S h o r t F i c t i o n
/ E s s a y s
Liberating History
History (that is, as it comes packaged in
school classes) tends to be one of the sad casualties of these times. I
mean, very few people get charged up about the past from going through the
text, answering the questions at the end of the chapter and doing the
mental gymnastics necessary to memorize the requisite names and dates for the
test. Some short time down the road, most people do a brain dump, shaking
out said names and dates like old candy wrappers from a waste basket in
order to have room for the next class's temporary storage needs.
In spite of having put in a number of years in college and grad school, I
never really 'met' history until years later, after I'd started homeschooling my kids.
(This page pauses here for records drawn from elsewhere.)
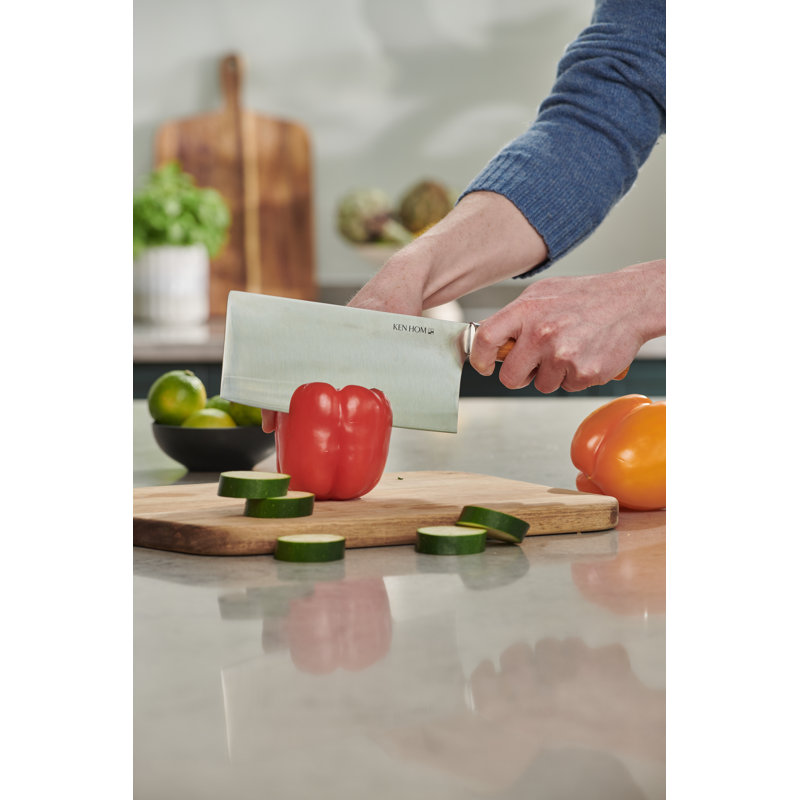 Fendoir en bois Ken Hom Excellence 18 cm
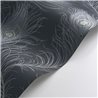 Casadeco|Papel pintado plumas pavo real azul estilo art decó|Papel Pintado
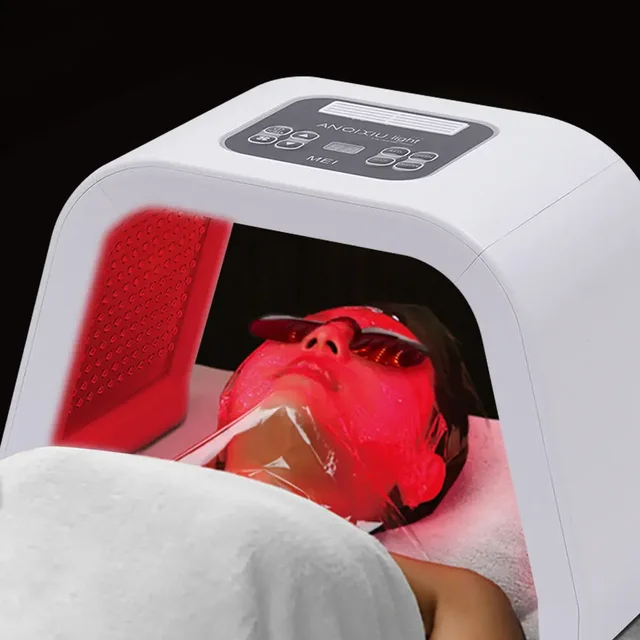 7-kolorowa maska do terapii światłem fotonowym PDT Terapia światłem LED Urządzenie kosmetyczne Lampa do pielęgnacji skóry Terapia światłem Odmładzanie twarzy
Paul was supposed to study California history for
fourth grade (this was back when we still paid attention to the 'right'
curriculum for a given year), and as I skimmed through the old state text
I'd salvaged from a pile of giveaway books, I knew for certain that Paul,
a devoted reader, would no more be enticed by this stuff than a kid who's
been served a plate of sawdust while everyone around him gets pizza.
I started through the material, looking for the main points (the story,
really), and after much searching, knee-deep in the aforementioned names
and dates, I found it. California history became a story we recited, a
one-thing-leads-to-another tale that made sense and that, hence, was easy
to remember.
I discovered the importance of good metaphor in teaching. I poked into
Roman history and began to realize that history is simply human nature
played out over and over on a huge canvas. Eventually we discovered
British techno-historian James Burke's original 'Connections'
series--wonderful, fascinating stuff that filled in the answers to the
'why' questions I suddenly realized I'd been carrying around for years.
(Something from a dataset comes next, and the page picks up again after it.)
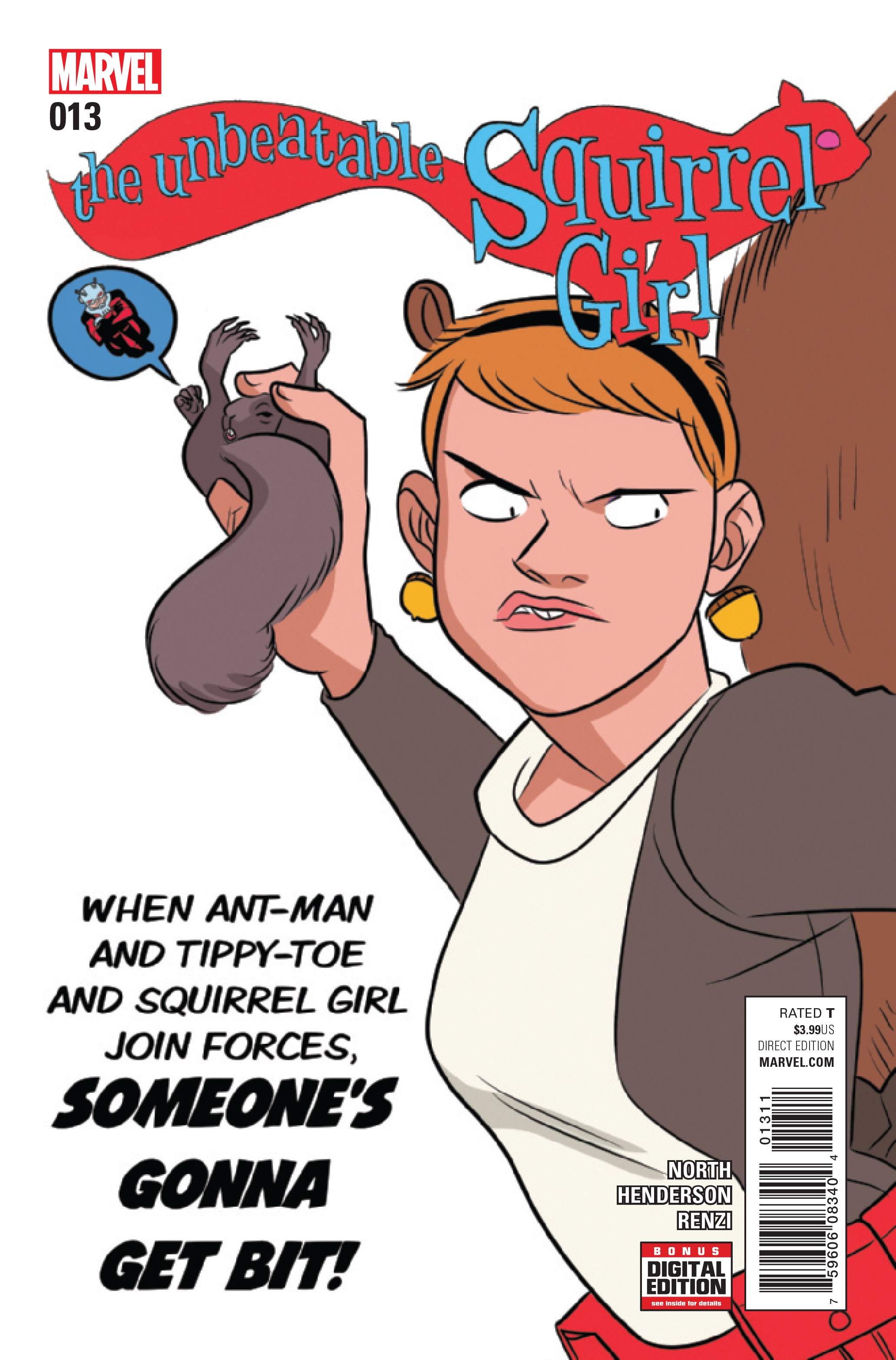 Get bitten. The unbeatable Squirrel girl. Непобедимая Squirrel girl.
The boys--all four of them--are History Channel junkies. Without any
directives from me, they've learned much more than I did in all my years
of school. It's been a simple matter of discovery (and it's amazing the
difference in retention between things you have to do and things
you get to do.) They can explain what the Maginot Line is, tell you
what went wrong in World War II, discuss the evolution of weaponry or the
motivations of the Vikings. Better yet, they're absorbing history's
lessons and applying them to what they see going on today. They recognize
the parallels, they know the trends and where they're likely to
lead... because they know where they've led in the past.
Also, thankfully, they never learned to think of history as a plate of
sawdust. If only school classes in history could be presented in a way
that's equally compelling. How much history would we not be doomed to
repeat if people were to truly absorb the lessons of the past?